You will (within Platform and Machine Learning group):

  • Design and develop end-to-end data solutions and modern data architectures for Cabify products and teams (streaming ingestion, data lake, data warehouse…).
  • Evolve and maintain Lykeion, a Machine Learning platform developed along with the Data Science team, to take care of the whole lifecycle of models and features. It includes a feature store, which allows other groups inside Cabify to make better decisions based on data, and a prediction platform to serve ML models.
  • Design and maintain complex APIs exposing data at scale, that helps other teams to make better decisions.
  • Provide the company with data discoverability and governance.
  • Collaborate with other technical teams to define, execute and release new services and features.
  • Manage and evolve our infrastructure. Continuously identify, evaluate, and implement new tools and approaches to maximize development speed and cost efficiency.
  • Extract data from internal and external sources to empower our Analytics team.

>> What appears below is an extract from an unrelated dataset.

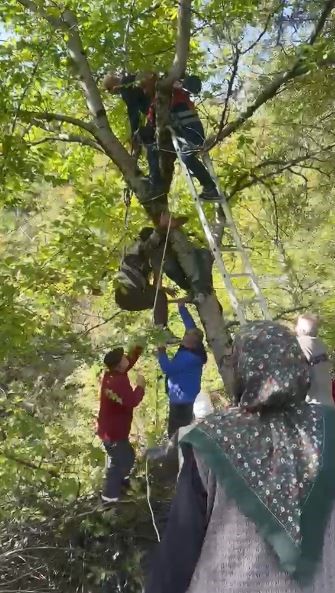 Ceviz Toplarken Ağaçtan Düşüp Dallarda Mahsur Kaldı, İtfaiye Ekipleri Kurtardı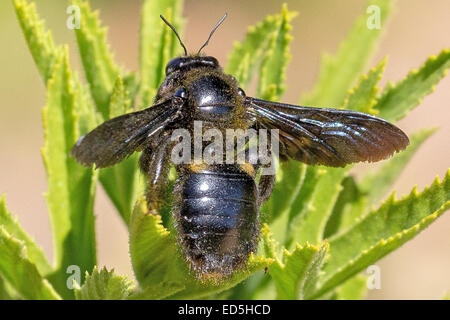 Giant African Carpenter bee, Xylocopa (Mesotrichia) Westwood , Pakhuis Pass to Heuningvlei, Cederberg mountains, Western Cape, South Africa Stock Photo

You will (within Analytics Engineering group):

  • Maintain & evolve our data warehouse, making sure the data is easily accessible, reliable & accurate.
  • Create data models, applying business logic to data. Evaluate all proposals and requests to improve the structure of the data warehouse.
  • Coordinate with other data stakeholders to ensure overall health and performance of the data warehouse environment.
  • Design, develop, test, monitor, manage, and validate data warehouse activity. Including defining standards for the data warehouse as well as troubleshooting ETL processes and resolving issues effectively.

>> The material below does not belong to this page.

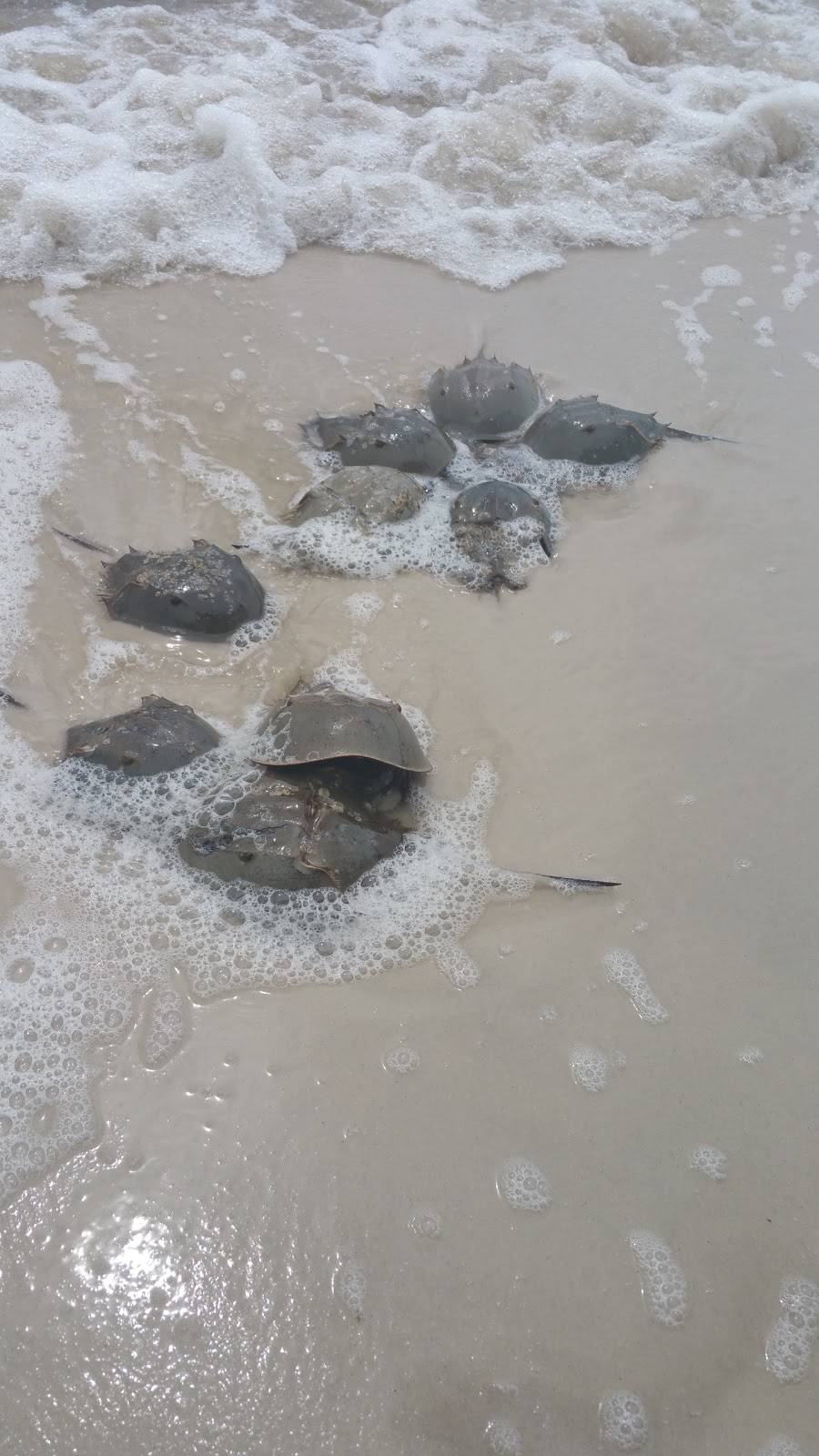 RaceTrac | bakery | 4968 Tamiami Trail, Port Charlotte, FL 33980, USA | 9412352544 OR +1 941-235-2544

What we’re looking for (within Platform and Machine Learning group):

We are looking for experienced data engineers with excellent know-how in large-scale distributed systems:

  • 5+ years of tenure in coding and delivering complex data engineering projects.
  • Fluency in different programming languages (we work with Python, Scala, and Go; you don’t need to master all three of them).
  • Deep understanding of:
    • Message delivery systems and streaming processing (Kafka, RabbitMQ, Akka streams, Apache Beam )
    • Data processing technology stacks and distributed processing (Hadoop, Spark, Apache Beam, Apache Flink…)
    • Storage technologies (file-based, relational, columnar, document-based, key-value…)
    • Orchestration tools such as Airflow, Luigi, or Dagster.
    • Cloud infrastructures (GCP, AWS, Azure)
    • Automation/IaC tools (Terraform, Puppet, Ansible )
    • MLOps

What we’re looking for (within Analytics Engineering group):

  • Great alignment with our principles, we take this very seriously.
  • You continuously find ways to derive more value in our raw data and lower the amount of effort our end users spend on getting answers.
  • You can take a complex concept and make it sound simple. You’re accomplished at orienting business users within the data domain, understanding their needs, and translating them into technical requirements to ultimately design effective data solutions.
  • You have experience integrating data from multiple sources including DBs, product tracking, and APIs. You get excited by seeing your jobs run like clockwork.
  • Proven track record in Data Modeling.
  • At least 5 years tenure in coding and delivering complex data projects.
  • At least 5 years of work experience in python.
  • You have high level SQL skills, which allows you to implement, understand and improve complex queries.
  • You have proper DBA skills, with which you should ensure high standards in DWH data accessibility, integrity, security & performance monitoring.